Sauvageot. — Oui dà ! et si le mari est une bête, la femme deviendra-t-elle un quadrupède !
Plataristote. — Point de meilleur apprentissage qu’une mauvaise femme ; elle vous apprend à souffrir chrétiennement les injures de vos ennemis.
Sauvageot. — Recette pour les poltrons !
Plataristote. — De toutes les vertus féminines, la reine, c’est la chasteté.
Sauvageot. — Je suis bien aise de le savoir.
Plataristote. — Un mari qui ne cesse pas de satisfaire et d’irriter la concupiscence conjugale, lui donne exemple et leçon, pour qu’elle marche avec d’autres dans la même carrière.
Sauvageot. — J’attendais celle-là.
(Le philosophe se cogne la tête contre un mur.)
Plataristote. — Erreur impardonnable qui vient de tarir la source des proverbes et des sentences qui jaillissait de mon fertile front !
Sauvageot. — Mon vénérable maître, s’il vous plaisait de me confier à l’avenir tant vos devoirs conjugaux que la surveillance de vos facultés ambulatoires, je me tirerais de là, je crois, un peu mieux que vous.
Plataristote. — Je te remercie de ton dévouement parfait, etc., etc.
Pendant que la femme du philosophe le trompe, une courtisane, nommée Tullia, s’apprête à plumer un marchand siennois, dont elle rencontre la servante.

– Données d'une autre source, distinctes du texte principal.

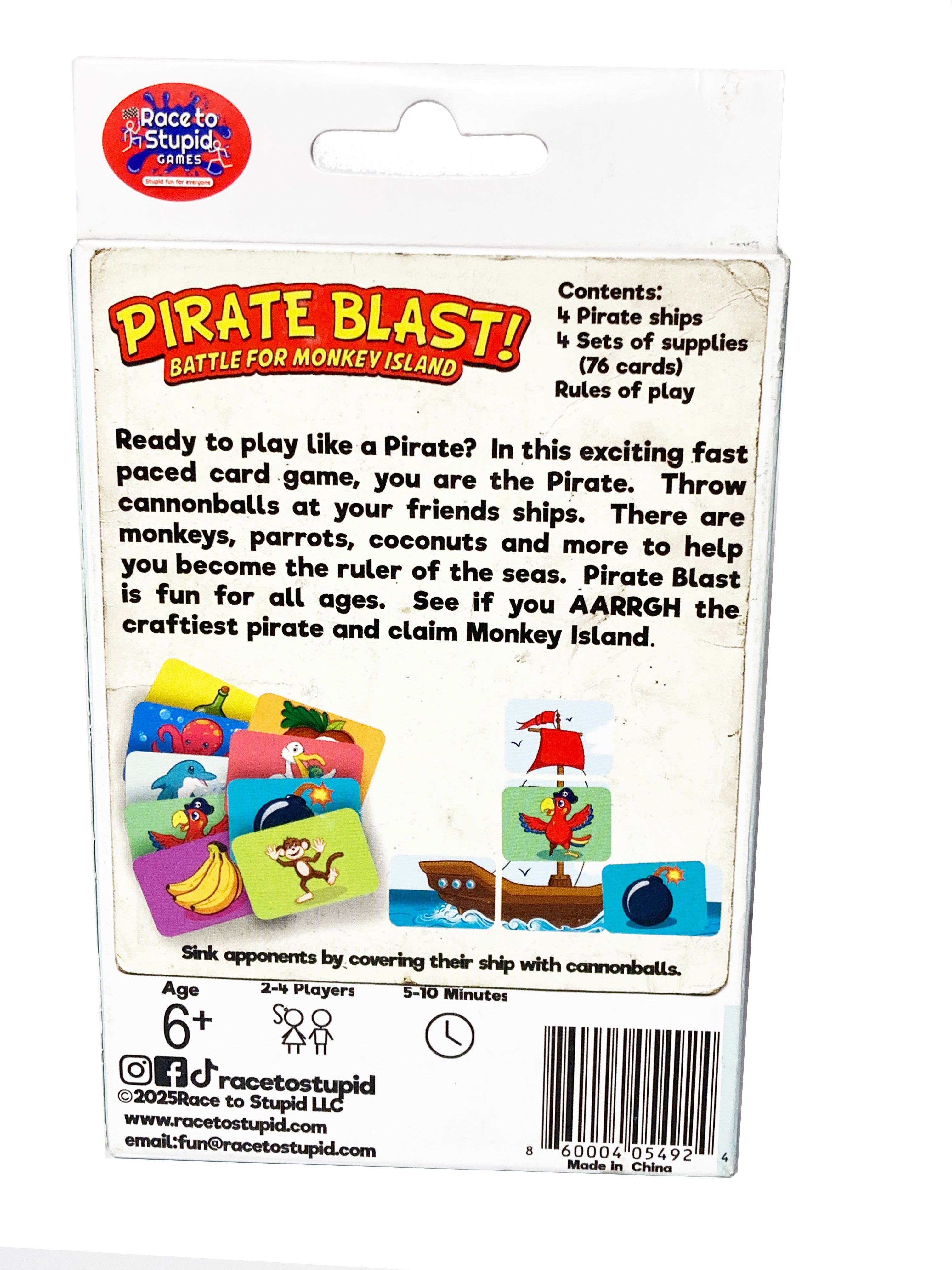 Pirate Blast: Battle for Monkey Island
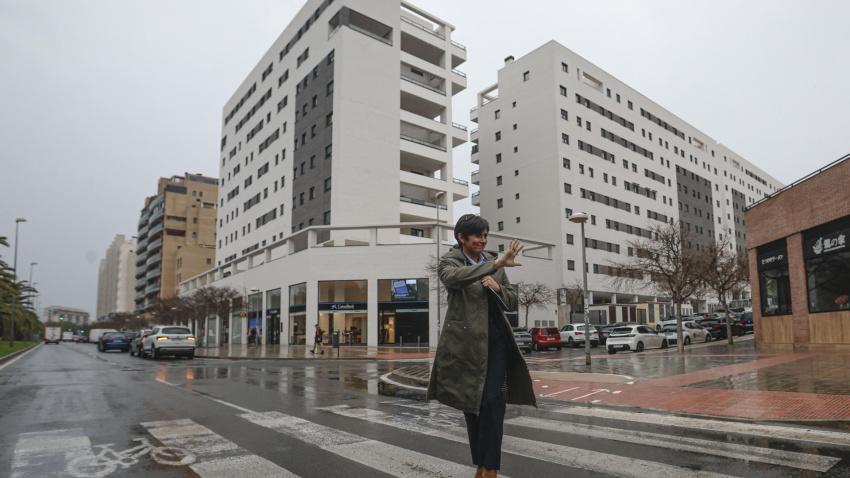 La ministra de Vivienda y Agenda Urbana, Isabel Rodríguez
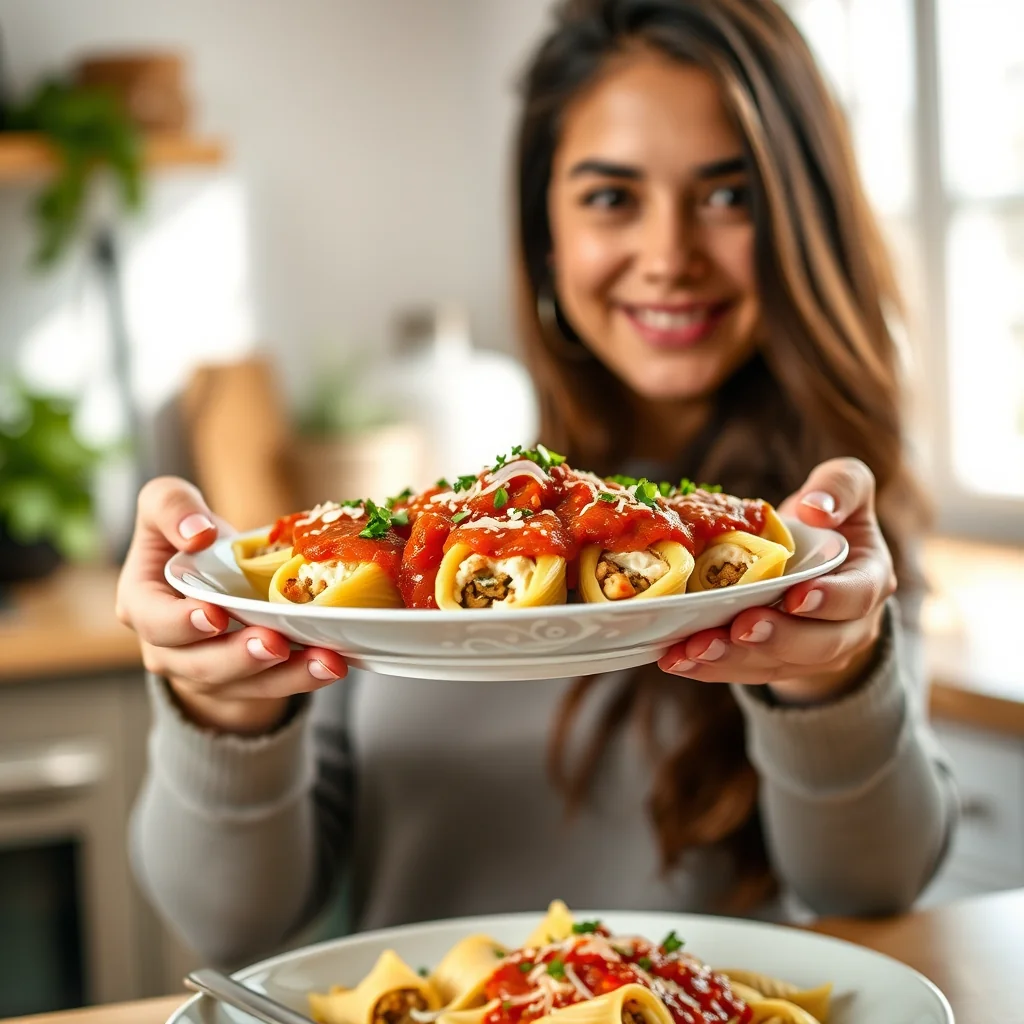 Vegetarian Stuffed Shells with Tofu Ricotta – vegetarian recipe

Méa. — Quelle est cette femme qui marche la tête si bien encapuchonnée ?
Tullia. — Tu ne me reconnais pas !
Méa. — C’est toi ou bien ton fantôme.
Tullia. — À la bonne heure.
Méa. — Et d’où viens-tu ? où vas-tu ? comment vas-tu ?
Tullia. — Je viens de chez un amant, je vais chez un autre, et j’en attends un troisième.
Méa. — Heureuses que vous êtes, vous autres !
Tullia. — Et toi, que fais-tu maintenant, et d’où viens-tu ?
Méa. — L’amour quand je puis, et je suis servante d’un riche joaillier de Pérouse qui demeure chez la Betta.
Tullia. — Y a-t-il long-temps qu’il est ici ?
Méa. — L’avarice qui le tient aux cheveux, l’a fait venir dans l’espoir d’y vendre ses joyaux ; il a une belle petite boursette pleine de florins tout étincelans, tout fumans, tout appétissans.